1st Edition

Speech and Silence in Contemporary Children’s Literature

By Danielle E. Price Copyright 2023

    Speech and Silence in Contemporary Children’s Literature brings a fresh perspective to a central literary question— Who speaks?— by examining a variety of represented silences. These include children who do not speak, do not yet speak effectively, or speak on behalf of others. A rich and unexamined literary archive explores the problematics of children who are literally silent or metaphorically so because they cannot communicate effectively with adults or peers. This project centers children’s literature in the question of voice by considering disability, gender, race, and ecocriticism. Children’s literature rests on a paradox at the root of its own genre: it is produced by an adult author writing to a constructed idea of what children should be. By reading a range of contemporary children’s literature, this book scrutinizes how such texts narrate the child’s journey from communicative alterity to a place of empowered adult speech. Sometimes the child’s verbal enclosure enables privacy and resistance. At other times, silence is coerced or imposed or arises from bodily impairment. Children may act as intermediaries, speaking on behalf of species that cannot. Recently, we have seen children exercise their voices on the world stage and as authors. In all cases, the texts analyzed here reveal speech as a minefield to be traversed. Children who talk too much, too little, or with insufficient expertise pose problems to themselves and others. Implicitly and sometimes explicitly, they attempt to hold adults to account— inside and outside the text. Speech and Silence in Contemporary Children’s Literature addresses this underconceptualized subject in what will be an important text for scholars of children’s literature, childhood studies, English, disability studies, gender studies, race studies, ecopedagogy, and education.

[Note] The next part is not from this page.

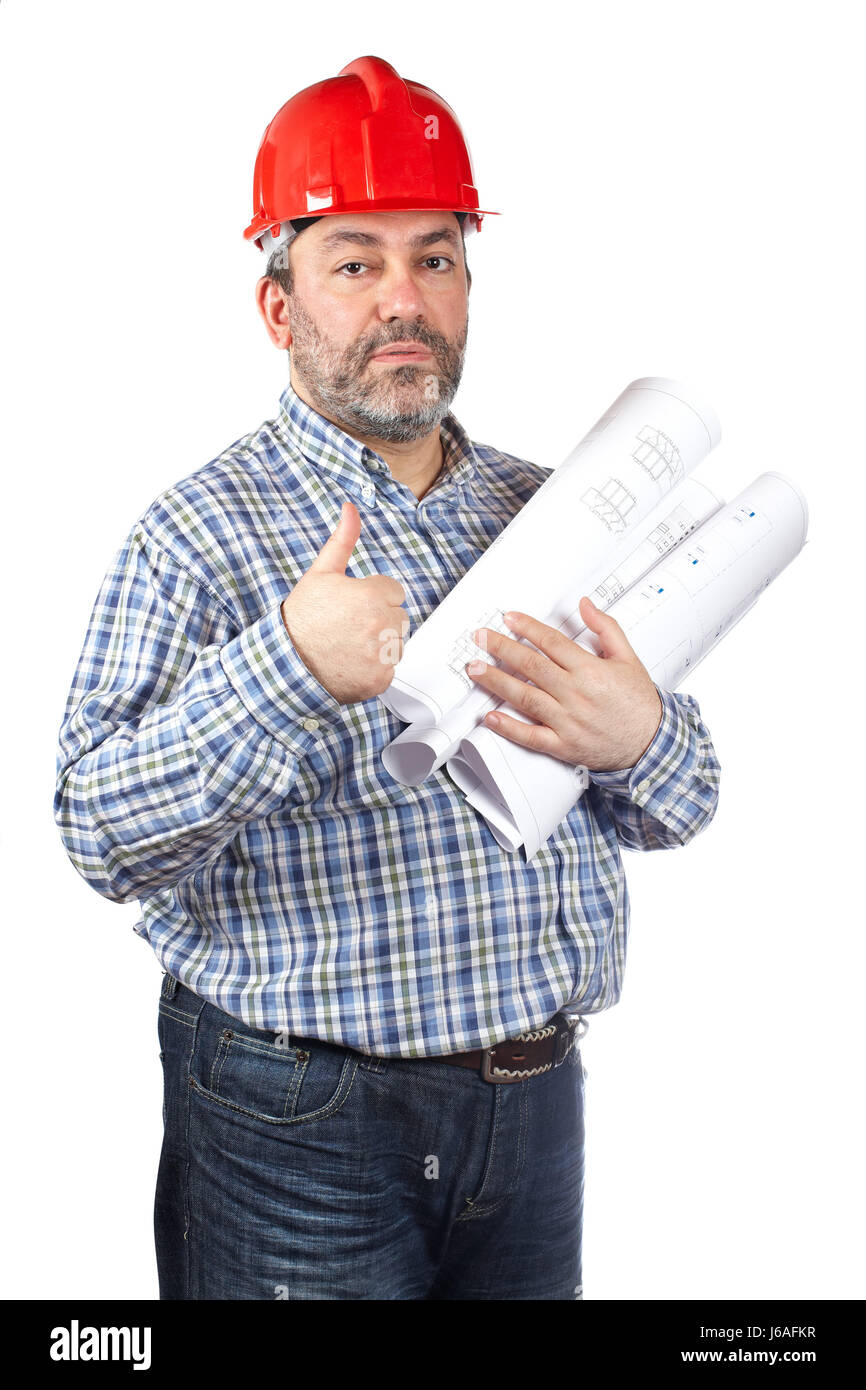 Gli esseri umani gli esseri umani persone persone folk Umano human essendo casa costruzione lavoro Foto Stock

    1 Introduction: Tracing the Silent and Speaking Child

    2 Disability and the Silent Child: Literary Selective Mutism

    3 Race and Speech: Learning to Signify

    4 Ecology and Speech: Talking to the Animals

    5 Conclusion: Youth Activism, Rhetoric, and Intersectionality



    Danielle E. Price (Ph.D. UCLA) writes on children’s literature, nineteenth-century studies, and disability. Recent publications include articles on disability in contemporary children’s fiction (2022) and in George MacDonald’s The Light Princess (2019) as well as on heterotopia in Christopher Paul Curtis’ Elijah of Buxton (2016). She is Associate Professor of English at the University of Windsor.